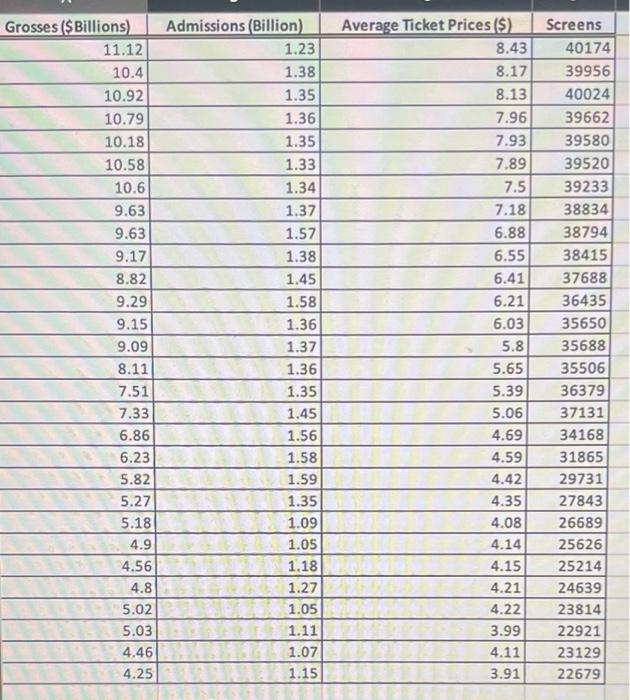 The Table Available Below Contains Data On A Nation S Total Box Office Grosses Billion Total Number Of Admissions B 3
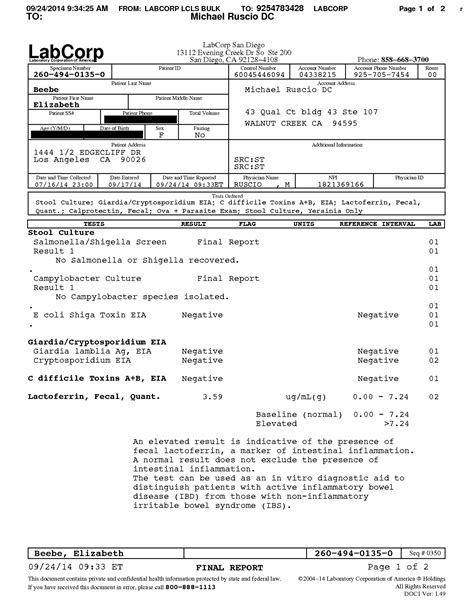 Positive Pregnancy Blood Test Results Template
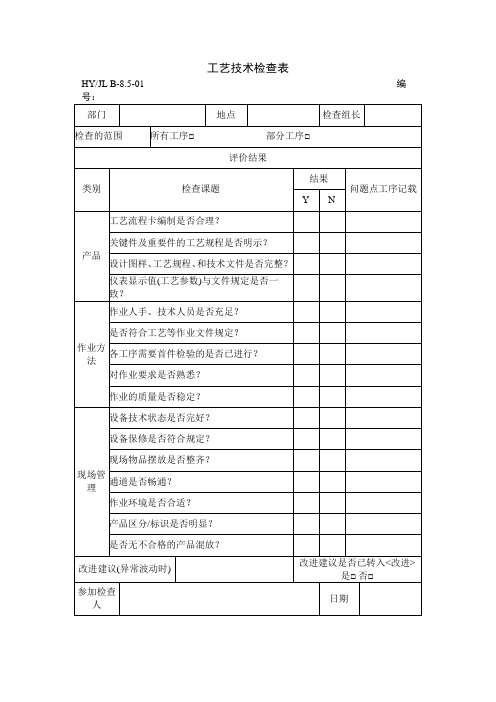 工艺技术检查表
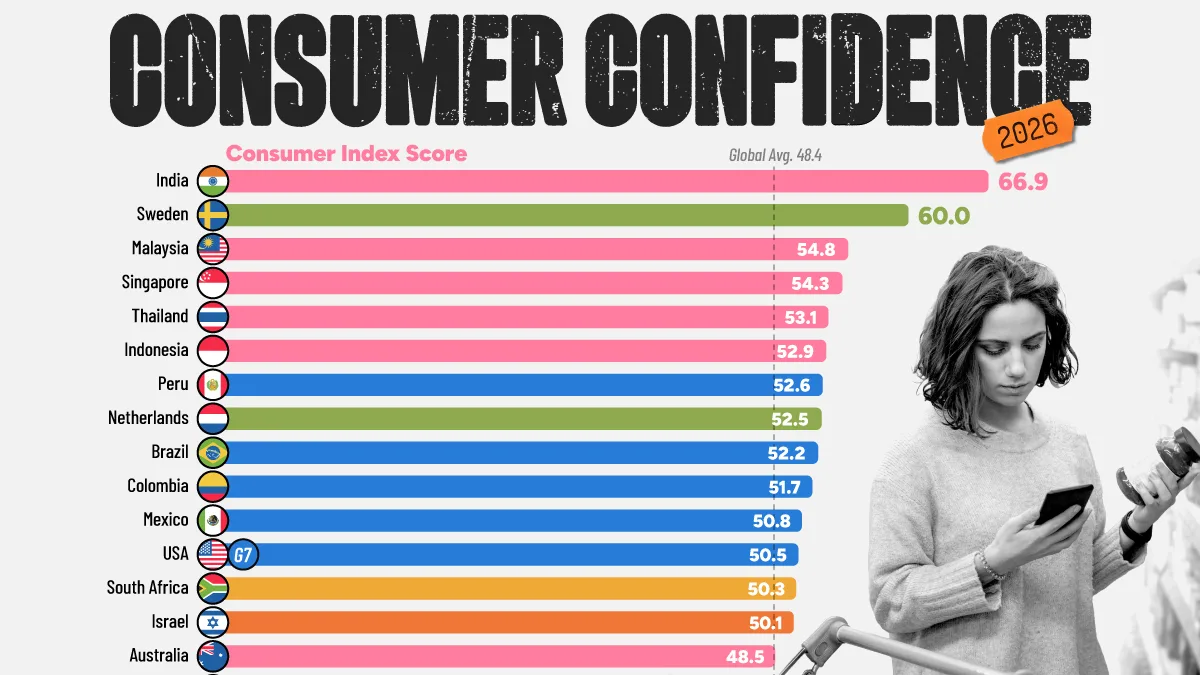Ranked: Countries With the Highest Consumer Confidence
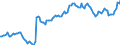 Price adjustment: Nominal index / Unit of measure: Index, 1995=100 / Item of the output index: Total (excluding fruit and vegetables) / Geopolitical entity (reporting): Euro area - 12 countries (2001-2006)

- - -

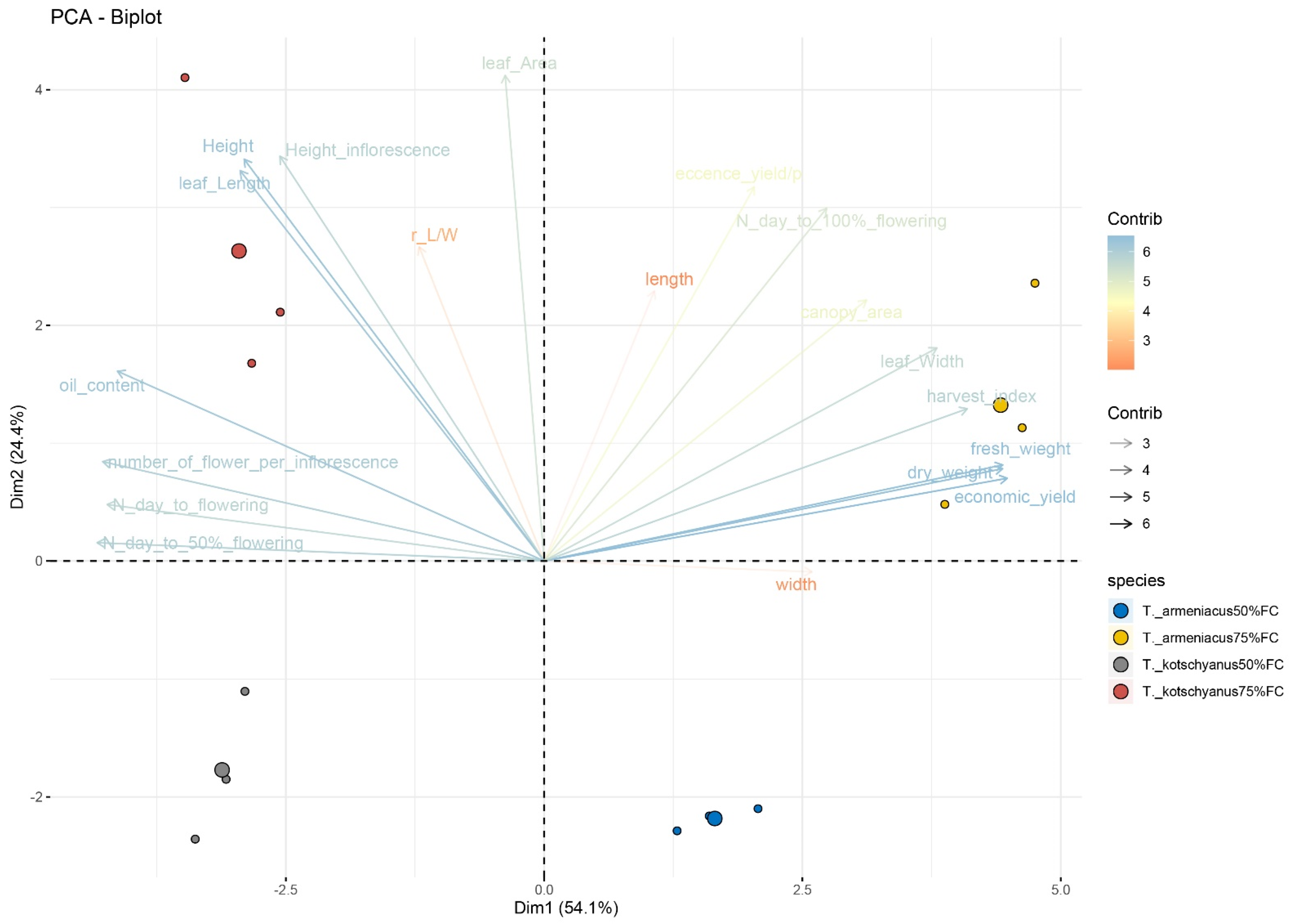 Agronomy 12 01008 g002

- - -

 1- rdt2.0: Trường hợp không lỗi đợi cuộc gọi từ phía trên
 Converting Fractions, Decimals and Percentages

- - -

## Brief:
Your answer is the exact run of lines above from the one with "The Table Available" through the one with "Price adjustment: Nominal", both ends included, minus any picture.

## Exercise response:
 The Table Available Below Contains Data On A Nation S Total Box Office Grosses Billion Total Number Of Admissions B 3
 Positive Pregnancy Blood Test Results Template
 工艺技术检查表
Ranked: Countries With the Highest Consumer Confidence
 Price adjustment: Nominal index / Unit of measure: Index, 1995=100 / Item of the output index: Total (excluding fruit and vegetables) / Geopolitical entity (reporting): Euro area - 12 countries (2001-2006)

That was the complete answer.